想像以上でしたと、瀬古は大げさに顔をしかめた。

「マラソンってこんなに苦しいのかって。練習しなきゃ、こんな風になるんだ。もっと練習しなきゃいけないと思いました」

■ランナーズハイとペース配分

結果は2時間26分0秒で10位だった。

「(記録は)女子マラソンのレベルじゃないですか。とにかく走りきることだけを考えていました。(棄権したら)先生にボロクソ言われるじゃないですか。(次のマラソン出場まで)1年間言われるから、完走はしなきゃいけないって」

苦しみながら走りきった後、マラソンという競技の特性に朧気(おぼろげ)に気がついた。それはペース配分の重要性である。

「前半までは良かったんです。ハーフ(折り返し地点)までは順調、2時間13、4分のペースだったんです。でも後半ボロボロになった。ランナーズハイになってペース配分を間違えたんです」

長距離を走っているとまず苦痛を感じるものだ。その苦痛が通り過ぎると快感、恍惚感になる。それをランナーズハイと呼んでいる。このとき脳内にβ-エンドルフィンという快感ホルモンが発生しているという。
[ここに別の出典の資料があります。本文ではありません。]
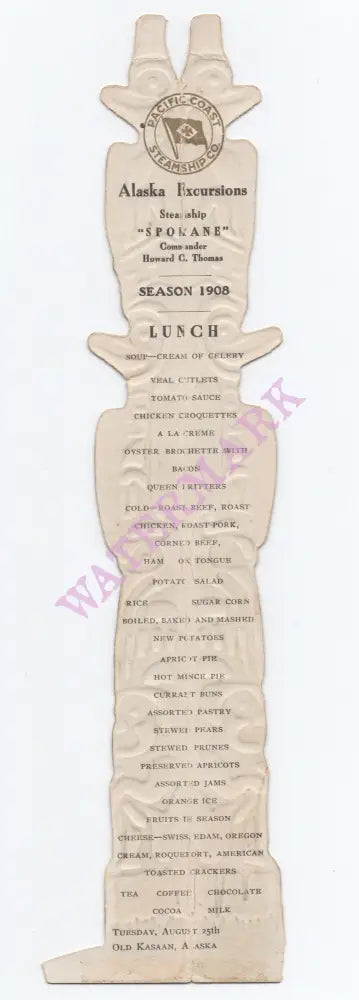 Old Kasaan Totem Pole, Steamship Spokane, Alaska August 25 1908 Menu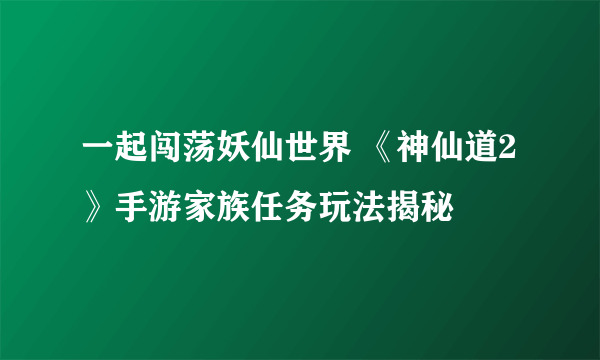 一起闯荡妖仙世界 《神仙道2》手游家族任务玩法揭秘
「ランナーズハイって練習のときにも起こるんです。マラソンの最中にそれとどう向き合うかは分からない。中村先生もそれまでマラソン選手を育てたことがなかった。だからペース配分を考えたこともなかった」

■1センチの羊かんを5ミリの厚さに切れるか

この年の12月に福岡国際マラソンが行われている。瀬古が意識したのは、5キロを15分から16分で走り続けることだった。

「(併走している車に設置されている)電光掲示板を見て、何分で走っているというのを計算するんです。ランナーズハイになると苦しくないから、もっと速く走ることができる。でも、絶対に行っちゃいけないって、我慢する。行きたいけれど、行っちゃいけない。それが苦しいんです。マラソンには辛さを我慢すること、そしてもう1つ、自分を抑えつける我慢。2つの我慢がある。行けるのに行かないという我慢の方が辛(つら)い」

この二度目のマラソンは2時間15分0秒で5位に食い込んでいる。翌78年12月の同じ福岡国際マラソン、2時間10分21秒で優勝。瀬古は日本陸上界に現れた新星として認められることになった。

その過程で瀬古は自らの適性に気がついた。

それは我慢する能力である。

「マラソンランナーというのは普段から自分を抑える練習をしなければならない。食欲、性欲もそう。私は食事制限とか得意だもの。腹減っているけど我慢する。食べ物が目の前にあっても食べない。例えば羊かんを1センチ(の厚さに切って)食べようとするじゃないですか。でもそこで5ミリしか食べない」

つまり、頭の中で1センチの羊かんを食べると想像しながら、そこでわざと半分である5ミリの厚さに切ることができるか、である。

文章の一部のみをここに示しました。